Closed CapnBry closed 11 years ago

CapnBry commented 11 years ago

I'm not sure if this is a feature so if so just close this issue. (Also is there a forum for CuraEngine discussion, feels wrong to have discussion on the issue list)

When enforcing the minimal layer time option, all moves are tallied up and used to calculate the speed factor used for the layer. This speed factor also reduces the speed of "travel moves", that is moves that aren't extrusion moves. On my prints these moves can move the extruder so slowly that there's ooze dribbled along the way that creates seams and lines in my prints.

GCodePlanner::forceMinimalLayerTime() could just count up the travelTime and extrusionTime separately and generate a factor which only uses extrusionTime. GCodePlanner::writeGCode() could then only use the speedFactor on extrusion moves. It is easy to differentiate the two types of moves by their config->lineWidth.

If the current way it handles the slowdown is prefered that's fine. Else, I can submit a pull request for the change.

ErikDeBruijn commented 11 years ago

To me that would make sense... I wonder what David thinks of it.

Thanks for proposing to write a patch. It would be interesting to see the quality difference and difference in processing time. The latter can probably be negligible.

With kind regards,

Erik de Bruijn Co-founder, Ultimaking LTD Op 1 aug. 2013 18:03 schreef "Bryan Mayland" notifications@github.com het volgende:

I'm not sure if this is a feature so if so just close this issue. (Also is there a forum for CuraEngine discussion, feels wrong to have discussion on the issue list)

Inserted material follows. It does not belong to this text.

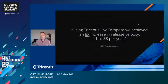The good news is that customers are achieving this today. Here's one example drawn from our consumer products customers, where using Tricentis Live Compare they've been able to increase their release velocity by eight times, going from 11 to an incredible 88 releases per year.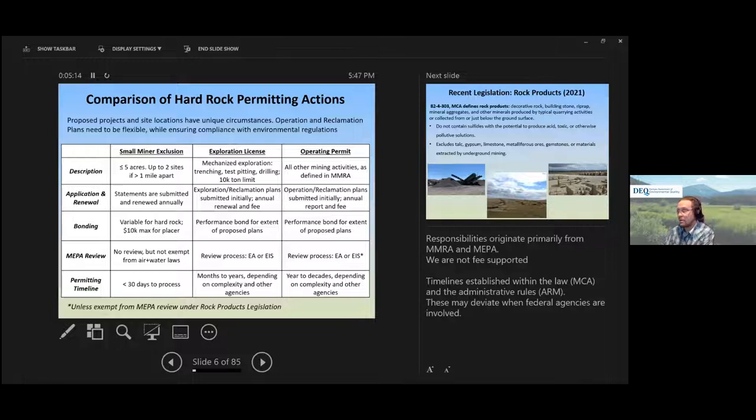The other category, which I work on daily, is operating permits. These are large mines capturing every other kind of mining activity. They require robust operating and reclamation plans, annual reporting and fees, bonding, and an environmental assessment. These can take years or even decades to complete depending on how complex the projects are.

When enforcing the minimal layer time option, all moves are tallied up and used to calculate the speed factor used for the layer. This speed factor also reduces the speed of "travel moves", that is moves that aren't extrusion moves. On my prints these moves can move the extruder so slowly that there's ooze dribbled along the way that creates seams and lines in my prints.

GCodePlanner::forceMinimalLayerTime() could just count up the travelTime and extrusionTime separately and generate a factor which only uses extrusionTime. GCodePlanner::writeGCode() could then only use the speedFactor on extrusion moves. It is easy to differentiate the two types of moves by their config->lineWidth.

If the current way it handles the slowdown is prefered that's fine. Else, I can submit a pull request for the change.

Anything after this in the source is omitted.